5 inbound SIP calls arrived near-simultaneously (~18:21:29–36 UTC) and agents were dispatched to all 5 rooms. All 5 agents joined their rooms successfully, and all 5 calls then ran normally end-to-end (conversation / voicemail detection, clean shutdowns).

But for ~25 seconds (18:21:38 → 18:21:59 UTC, 2026-06-04) every StartRoomCompositeEgress call for those rooms failed with:

TwirpError(code=not_found, message=requested room does not exist, status=404)

We retried 5× per room over ~21s — every attempt 404’d, for all 5 rooms — while the rooms were demonstrably live (our agents were connected inside them the whole time, and the calls continued for 30–80+ seconds after). Once retries were exhausted, the calls completed without any recording.

Affected rooms (project p_3tqm7ro6kbs), all 2026-06-04 18:21:38–18:21:59 UTC:

Room ID Egress attempts window
RM_BuEqWgz7JJCJ → 18:21:54.6
RM_TTNwaCm7GSp4 → 18:21:58.9
RM_jYgXuCWEvqQr 18:21:39 → 18:21:58.9
RM_Uuusmm6z8ZCC 18:21:38 → 18:21:59.0
RM_E79B9F7nrnbN 18:21:38 → 18:21:59.3

Questions:

  1. Under what conditions does the Egress API return 404 room does not exist for a room that is live (participants connected)? Is there room-state propagation between the RTC and egress control planes that can lag?
  2. Was there a known blip in the egress service around 18:21 UTC on 2026-06-04? The simultaneity across 5 independent rooms suggests something service-side rather than per-room.
  3. Any recommended client strategy here — e.g., how long is it worth retrying StartEgress on not_found for a room we know is live?

Impact for us: 5 completed calls with no audio recording (compliance-relevant). Happy to share request IDs / more logs.

@Zaheer_Abbas, Yeah, 5 simultaneous 404s on 5 rooms basically rules out per-room state and points at something service-side. For compliance recording resilient to that timing window, auto egress is the move: configure the recording in CreateRoom so LK Cloud kicks it off itself, no separate StartEgress to 404.

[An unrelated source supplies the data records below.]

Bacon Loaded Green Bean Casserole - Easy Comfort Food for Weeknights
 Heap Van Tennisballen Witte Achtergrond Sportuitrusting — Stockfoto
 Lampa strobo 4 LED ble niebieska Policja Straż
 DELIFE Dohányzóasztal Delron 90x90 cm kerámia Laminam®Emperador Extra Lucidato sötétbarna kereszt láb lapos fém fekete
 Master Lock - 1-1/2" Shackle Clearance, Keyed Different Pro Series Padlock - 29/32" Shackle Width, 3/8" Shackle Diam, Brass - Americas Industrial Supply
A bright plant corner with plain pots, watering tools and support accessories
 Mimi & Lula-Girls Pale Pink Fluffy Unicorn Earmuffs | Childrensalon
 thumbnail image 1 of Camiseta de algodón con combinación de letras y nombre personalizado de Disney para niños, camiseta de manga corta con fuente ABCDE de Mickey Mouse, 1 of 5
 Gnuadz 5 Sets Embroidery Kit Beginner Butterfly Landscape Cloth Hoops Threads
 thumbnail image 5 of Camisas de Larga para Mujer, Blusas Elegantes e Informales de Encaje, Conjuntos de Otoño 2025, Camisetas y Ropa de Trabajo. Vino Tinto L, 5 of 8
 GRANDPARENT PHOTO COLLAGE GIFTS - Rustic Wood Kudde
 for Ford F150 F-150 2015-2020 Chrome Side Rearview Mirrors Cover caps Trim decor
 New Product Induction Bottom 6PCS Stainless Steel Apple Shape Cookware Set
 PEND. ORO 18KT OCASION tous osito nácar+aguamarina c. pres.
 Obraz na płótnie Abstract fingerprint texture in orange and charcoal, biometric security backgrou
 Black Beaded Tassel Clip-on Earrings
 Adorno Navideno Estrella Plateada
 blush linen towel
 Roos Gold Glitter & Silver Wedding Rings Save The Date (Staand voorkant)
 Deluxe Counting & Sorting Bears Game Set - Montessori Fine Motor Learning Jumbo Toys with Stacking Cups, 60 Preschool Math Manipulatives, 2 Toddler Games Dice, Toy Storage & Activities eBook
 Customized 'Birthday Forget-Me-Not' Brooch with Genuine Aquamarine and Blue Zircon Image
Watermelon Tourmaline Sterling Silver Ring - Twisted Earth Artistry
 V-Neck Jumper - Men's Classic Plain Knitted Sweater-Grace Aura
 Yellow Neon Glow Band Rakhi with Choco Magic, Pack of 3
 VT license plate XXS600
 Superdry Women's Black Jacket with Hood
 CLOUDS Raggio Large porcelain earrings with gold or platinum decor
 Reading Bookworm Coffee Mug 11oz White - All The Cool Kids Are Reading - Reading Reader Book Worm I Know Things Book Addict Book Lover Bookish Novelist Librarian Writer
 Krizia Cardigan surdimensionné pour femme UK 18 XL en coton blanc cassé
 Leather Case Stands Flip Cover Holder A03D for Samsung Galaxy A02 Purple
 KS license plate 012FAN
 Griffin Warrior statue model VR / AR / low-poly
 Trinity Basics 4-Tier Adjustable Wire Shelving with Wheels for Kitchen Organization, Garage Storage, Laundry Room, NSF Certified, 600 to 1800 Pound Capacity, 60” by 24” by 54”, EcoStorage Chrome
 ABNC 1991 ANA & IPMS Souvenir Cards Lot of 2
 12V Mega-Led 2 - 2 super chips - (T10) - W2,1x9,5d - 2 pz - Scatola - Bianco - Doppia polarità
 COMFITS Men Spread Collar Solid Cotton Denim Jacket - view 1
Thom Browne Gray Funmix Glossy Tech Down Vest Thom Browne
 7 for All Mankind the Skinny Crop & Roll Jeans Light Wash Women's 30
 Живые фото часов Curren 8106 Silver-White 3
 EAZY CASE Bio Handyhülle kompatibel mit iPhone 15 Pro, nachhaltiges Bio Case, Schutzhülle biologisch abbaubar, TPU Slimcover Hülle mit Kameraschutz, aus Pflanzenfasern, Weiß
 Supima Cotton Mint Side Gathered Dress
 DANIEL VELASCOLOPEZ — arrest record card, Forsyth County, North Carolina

The shape (S3 tracks example verbatim from docs):

  curl -X POST <host>/twirp/livekit.RoomService/CreateRoom \
    -H "Authorization: Bearer <token>" \
    -H 'Content-Type: application/json' \
    --data-binary '{
      "name": "my-room",
      "egress": {
        "tracks": {
          "filepath": "bucket-path/{room_name}-{publisher_identity}-{time}",
          "s3": {"access_key": "", "secret": "", "bucket": "mybucket", "region": ""}
        }
      }
    }'

For your RoomComposite + audio_only + DUAL_CHANNEL_AGENT stack, you’d use egress.room instead of egress.tracks, mirroring your existing StartRoomCompositeEgress request body into that field. The room-composite-with-S3 shape isn’t explicitly demoed in the docs, so verify your audio_mixing + OGG fields carry over cleanly [ Auto egress | LiveKit Documentation ].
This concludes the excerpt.